Top of GIVEN DATA
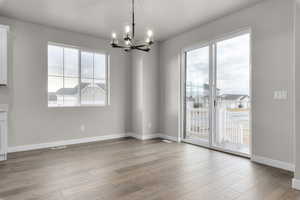 Unfurnished dining area featuring light hardwood / wood-style floors, an inviting chandelier, and a healthy amount of sunlight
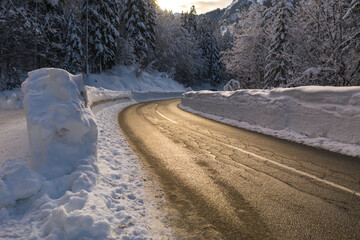 Driving on a snowy winter road through a forest in nature with sun shining.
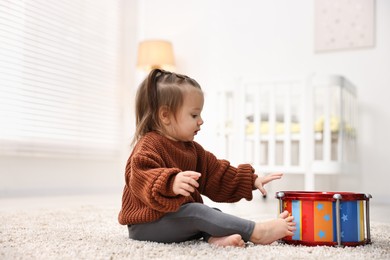 Photo of Cute little girl playing with toy drum on floor at home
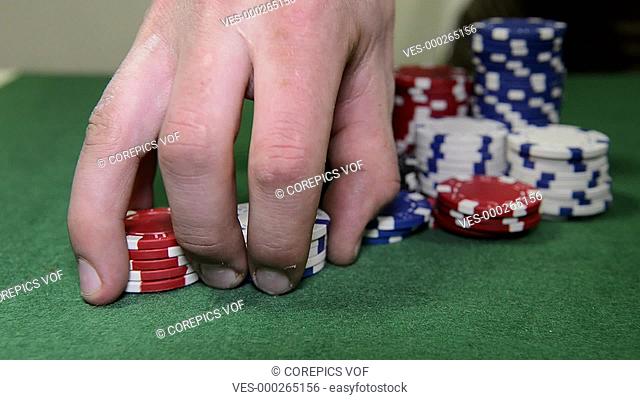 Poker player fiddling with a stack of red and white chips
Bottom of GIVEN DATA
HOW TO COMPLETE THIS TASK:
In your copy of the material, match every word exactly and include no pictures.

THE COMPLETED TASK:
 Unfurnished dining area featuring light hardwood / wood-style floors, an inviting chandelier, and a healthy amount of sunlight
 Driving on a snowy winter road through a forest in nature with sun shining.
 Photo of Cute little girl playing with toy drum on floor at home
 Poker player fiddling with a stack of red and white chips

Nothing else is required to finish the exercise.